▸ WORK INSTRUCTION:
Using the records that appear below, write out exactly the lines from the one with "The reason for" through the one with "When you are", keeping both end lines.

** Opening RECORD EXTRACTS block **

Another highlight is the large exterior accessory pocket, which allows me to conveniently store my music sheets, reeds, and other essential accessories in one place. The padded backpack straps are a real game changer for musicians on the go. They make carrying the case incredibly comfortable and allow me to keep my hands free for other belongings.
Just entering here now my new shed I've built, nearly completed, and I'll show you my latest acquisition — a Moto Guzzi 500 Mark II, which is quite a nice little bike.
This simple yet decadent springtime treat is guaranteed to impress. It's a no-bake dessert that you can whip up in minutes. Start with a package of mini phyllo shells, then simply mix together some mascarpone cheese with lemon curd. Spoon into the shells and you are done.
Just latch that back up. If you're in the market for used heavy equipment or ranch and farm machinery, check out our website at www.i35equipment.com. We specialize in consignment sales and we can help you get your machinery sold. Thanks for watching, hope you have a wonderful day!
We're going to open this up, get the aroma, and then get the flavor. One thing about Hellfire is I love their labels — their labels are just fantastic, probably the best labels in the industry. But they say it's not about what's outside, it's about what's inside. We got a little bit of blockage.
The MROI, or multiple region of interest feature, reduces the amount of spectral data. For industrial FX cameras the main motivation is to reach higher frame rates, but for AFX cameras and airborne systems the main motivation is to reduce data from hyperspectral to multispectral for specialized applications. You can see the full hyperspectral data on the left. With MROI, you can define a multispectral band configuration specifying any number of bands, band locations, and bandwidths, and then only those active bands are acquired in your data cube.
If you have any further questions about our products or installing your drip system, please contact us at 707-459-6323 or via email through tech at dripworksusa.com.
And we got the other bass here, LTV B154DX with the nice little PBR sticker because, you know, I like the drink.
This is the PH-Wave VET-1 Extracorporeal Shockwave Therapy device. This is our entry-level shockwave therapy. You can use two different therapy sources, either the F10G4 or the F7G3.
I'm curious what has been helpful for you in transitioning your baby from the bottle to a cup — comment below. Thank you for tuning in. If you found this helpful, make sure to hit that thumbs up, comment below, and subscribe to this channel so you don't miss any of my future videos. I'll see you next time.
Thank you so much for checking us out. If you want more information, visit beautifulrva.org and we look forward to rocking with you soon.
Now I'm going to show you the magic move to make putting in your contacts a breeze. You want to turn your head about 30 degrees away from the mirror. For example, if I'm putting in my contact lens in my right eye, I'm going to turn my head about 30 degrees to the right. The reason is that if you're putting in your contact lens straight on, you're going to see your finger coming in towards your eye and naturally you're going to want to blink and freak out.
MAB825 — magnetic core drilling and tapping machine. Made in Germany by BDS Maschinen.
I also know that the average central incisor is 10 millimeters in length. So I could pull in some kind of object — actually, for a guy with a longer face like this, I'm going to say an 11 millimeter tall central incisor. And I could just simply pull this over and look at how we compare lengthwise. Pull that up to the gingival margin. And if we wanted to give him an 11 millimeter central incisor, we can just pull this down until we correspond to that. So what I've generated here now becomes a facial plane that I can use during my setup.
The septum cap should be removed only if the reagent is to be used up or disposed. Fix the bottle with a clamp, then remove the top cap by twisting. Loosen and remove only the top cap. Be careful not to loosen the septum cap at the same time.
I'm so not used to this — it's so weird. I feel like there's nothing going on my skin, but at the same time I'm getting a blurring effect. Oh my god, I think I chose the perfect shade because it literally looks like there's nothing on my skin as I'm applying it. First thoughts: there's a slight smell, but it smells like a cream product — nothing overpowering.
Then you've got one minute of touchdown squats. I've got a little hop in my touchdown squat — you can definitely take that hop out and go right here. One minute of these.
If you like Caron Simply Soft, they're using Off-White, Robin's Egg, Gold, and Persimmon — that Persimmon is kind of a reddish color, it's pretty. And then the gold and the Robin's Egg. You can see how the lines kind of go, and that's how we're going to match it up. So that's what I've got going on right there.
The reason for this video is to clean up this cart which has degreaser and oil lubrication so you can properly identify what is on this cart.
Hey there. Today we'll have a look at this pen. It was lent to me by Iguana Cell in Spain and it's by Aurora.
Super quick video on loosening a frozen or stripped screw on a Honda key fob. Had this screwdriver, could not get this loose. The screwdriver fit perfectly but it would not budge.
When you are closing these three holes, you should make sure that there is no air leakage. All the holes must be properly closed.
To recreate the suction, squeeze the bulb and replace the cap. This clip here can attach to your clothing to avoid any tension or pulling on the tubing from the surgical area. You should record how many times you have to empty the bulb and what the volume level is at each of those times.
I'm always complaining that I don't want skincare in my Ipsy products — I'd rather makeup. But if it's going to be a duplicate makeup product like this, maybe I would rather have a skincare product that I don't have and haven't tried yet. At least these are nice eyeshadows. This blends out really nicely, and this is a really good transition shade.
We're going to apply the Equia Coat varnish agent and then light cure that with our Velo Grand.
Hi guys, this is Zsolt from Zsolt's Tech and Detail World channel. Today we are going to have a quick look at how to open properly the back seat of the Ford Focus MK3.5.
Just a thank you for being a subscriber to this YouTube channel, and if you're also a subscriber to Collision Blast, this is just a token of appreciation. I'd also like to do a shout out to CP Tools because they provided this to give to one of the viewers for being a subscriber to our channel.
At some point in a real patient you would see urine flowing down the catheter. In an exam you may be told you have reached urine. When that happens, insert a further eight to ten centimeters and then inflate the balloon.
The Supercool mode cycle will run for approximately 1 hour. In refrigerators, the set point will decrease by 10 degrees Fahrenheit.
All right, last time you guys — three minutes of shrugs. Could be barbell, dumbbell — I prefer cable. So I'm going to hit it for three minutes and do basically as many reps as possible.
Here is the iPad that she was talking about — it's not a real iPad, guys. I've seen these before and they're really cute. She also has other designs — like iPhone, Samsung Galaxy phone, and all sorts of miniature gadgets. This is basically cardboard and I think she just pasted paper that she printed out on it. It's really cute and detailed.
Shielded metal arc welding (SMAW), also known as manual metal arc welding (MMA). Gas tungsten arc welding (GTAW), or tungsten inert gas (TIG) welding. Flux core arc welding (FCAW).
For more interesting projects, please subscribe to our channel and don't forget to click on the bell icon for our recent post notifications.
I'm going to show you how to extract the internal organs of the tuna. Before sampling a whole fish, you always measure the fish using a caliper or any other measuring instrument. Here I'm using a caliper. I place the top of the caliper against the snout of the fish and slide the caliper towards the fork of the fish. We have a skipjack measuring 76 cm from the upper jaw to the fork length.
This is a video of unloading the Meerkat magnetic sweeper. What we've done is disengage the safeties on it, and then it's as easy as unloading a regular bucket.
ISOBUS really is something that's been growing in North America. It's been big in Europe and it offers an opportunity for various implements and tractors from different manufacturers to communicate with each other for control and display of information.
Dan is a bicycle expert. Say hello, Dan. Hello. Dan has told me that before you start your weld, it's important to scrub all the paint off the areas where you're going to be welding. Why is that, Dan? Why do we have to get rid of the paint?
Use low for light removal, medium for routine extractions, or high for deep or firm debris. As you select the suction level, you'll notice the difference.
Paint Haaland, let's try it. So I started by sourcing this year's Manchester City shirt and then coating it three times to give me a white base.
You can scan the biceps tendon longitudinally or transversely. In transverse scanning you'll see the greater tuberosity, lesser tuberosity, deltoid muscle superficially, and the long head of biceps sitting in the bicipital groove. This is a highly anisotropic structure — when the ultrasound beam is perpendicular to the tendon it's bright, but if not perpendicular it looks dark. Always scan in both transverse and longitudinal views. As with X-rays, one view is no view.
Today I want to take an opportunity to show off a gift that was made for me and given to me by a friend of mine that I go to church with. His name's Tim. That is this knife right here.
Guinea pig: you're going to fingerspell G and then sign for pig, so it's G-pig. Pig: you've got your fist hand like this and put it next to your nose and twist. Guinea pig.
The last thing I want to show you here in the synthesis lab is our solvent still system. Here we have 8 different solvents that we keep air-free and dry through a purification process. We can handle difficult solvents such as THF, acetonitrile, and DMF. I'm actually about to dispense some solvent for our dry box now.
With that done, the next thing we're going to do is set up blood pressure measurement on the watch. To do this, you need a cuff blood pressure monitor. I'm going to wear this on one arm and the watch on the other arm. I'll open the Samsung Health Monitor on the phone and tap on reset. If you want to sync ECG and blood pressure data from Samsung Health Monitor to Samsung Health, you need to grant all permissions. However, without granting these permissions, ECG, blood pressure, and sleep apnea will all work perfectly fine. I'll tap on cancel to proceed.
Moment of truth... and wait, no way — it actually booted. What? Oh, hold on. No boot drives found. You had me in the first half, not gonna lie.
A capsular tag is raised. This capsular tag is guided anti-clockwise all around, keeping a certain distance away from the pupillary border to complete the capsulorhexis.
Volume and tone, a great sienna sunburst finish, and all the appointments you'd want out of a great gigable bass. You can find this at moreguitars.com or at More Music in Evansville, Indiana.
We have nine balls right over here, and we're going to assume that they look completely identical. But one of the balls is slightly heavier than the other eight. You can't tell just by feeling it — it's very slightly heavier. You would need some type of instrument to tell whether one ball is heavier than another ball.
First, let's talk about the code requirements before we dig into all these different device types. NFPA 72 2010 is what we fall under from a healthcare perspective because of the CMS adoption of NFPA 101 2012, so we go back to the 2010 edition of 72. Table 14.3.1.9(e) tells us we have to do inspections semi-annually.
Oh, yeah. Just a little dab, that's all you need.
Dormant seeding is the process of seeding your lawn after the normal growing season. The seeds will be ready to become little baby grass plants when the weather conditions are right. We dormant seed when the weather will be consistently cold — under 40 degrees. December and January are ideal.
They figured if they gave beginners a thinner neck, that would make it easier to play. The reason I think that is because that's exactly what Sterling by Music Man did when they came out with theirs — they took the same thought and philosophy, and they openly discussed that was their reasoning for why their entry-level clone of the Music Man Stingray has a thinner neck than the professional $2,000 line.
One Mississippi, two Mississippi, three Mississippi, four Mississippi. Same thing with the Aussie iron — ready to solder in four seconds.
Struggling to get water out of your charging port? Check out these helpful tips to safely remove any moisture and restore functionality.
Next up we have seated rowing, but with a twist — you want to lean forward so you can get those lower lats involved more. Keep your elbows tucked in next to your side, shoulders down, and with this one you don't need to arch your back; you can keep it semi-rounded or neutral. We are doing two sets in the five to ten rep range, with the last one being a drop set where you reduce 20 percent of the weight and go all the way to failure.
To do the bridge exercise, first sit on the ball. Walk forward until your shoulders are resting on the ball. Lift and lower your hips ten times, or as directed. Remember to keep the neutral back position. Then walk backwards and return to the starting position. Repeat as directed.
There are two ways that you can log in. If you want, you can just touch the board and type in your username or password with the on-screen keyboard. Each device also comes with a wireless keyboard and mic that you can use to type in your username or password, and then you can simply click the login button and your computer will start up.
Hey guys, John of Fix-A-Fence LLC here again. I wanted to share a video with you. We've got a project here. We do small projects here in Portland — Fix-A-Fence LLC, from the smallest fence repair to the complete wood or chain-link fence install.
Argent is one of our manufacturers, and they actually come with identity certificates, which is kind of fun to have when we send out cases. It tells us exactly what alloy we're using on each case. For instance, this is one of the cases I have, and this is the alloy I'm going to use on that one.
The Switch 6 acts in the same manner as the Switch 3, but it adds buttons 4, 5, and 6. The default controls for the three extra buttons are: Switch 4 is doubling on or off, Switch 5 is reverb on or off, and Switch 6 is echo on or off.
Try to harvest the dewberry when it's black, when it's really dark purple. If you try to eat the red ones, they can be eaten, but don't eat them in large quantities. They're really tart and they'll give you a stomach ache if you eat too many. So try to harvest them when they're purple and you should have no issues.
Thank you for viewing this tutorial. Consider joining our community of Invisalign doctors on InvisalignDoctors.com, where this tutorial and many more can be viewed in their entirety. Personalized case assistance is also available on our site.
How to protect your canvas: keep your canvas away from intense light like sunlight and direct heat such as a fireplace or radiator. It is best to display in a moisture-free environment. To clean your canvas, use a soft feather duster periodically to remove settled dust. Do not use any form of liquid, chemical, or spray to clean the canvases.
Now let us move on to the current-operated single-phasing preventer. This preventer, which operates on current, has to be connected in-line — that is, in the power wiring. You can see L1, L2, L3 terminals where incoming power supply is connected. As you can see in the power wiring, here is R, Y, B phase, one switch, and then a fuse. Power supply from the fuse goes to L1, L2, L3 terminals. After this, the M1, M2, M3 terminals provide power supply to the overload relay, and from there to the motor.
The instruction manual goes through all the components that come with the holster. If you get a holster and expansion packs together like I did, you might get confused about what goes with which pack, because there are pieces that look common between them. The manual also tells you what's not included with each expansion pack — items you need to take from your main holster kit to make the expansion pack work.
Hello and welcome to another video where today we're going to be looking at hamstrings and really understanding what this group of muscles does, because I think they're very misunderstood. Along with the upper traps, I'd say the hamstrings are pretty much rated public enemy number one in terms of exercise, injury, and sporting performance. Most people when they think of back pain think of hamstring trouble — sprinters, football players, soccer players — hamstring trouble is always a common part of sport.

** Closing RECORD EXTRACTS block **

▸ RESULT OF THIS EXERCISE:
The reason for this video is to clean up this cart which has degreaser and oil lubrication so you can properly identify what is on this cart.
Hey there. Today we'll have a look at this pen. It was lent to me by Iguana Cell in Spain and it's by Aurora.
Super quick video on loosening a frozen or stripped screw on a Honda key fob. Had this screwdriver, could not get this loose. The screwdriver fit perfectly but it would not budge.
When you are closing these three holes, you should make sure that there is no air leakage. All the holes must be properly closed.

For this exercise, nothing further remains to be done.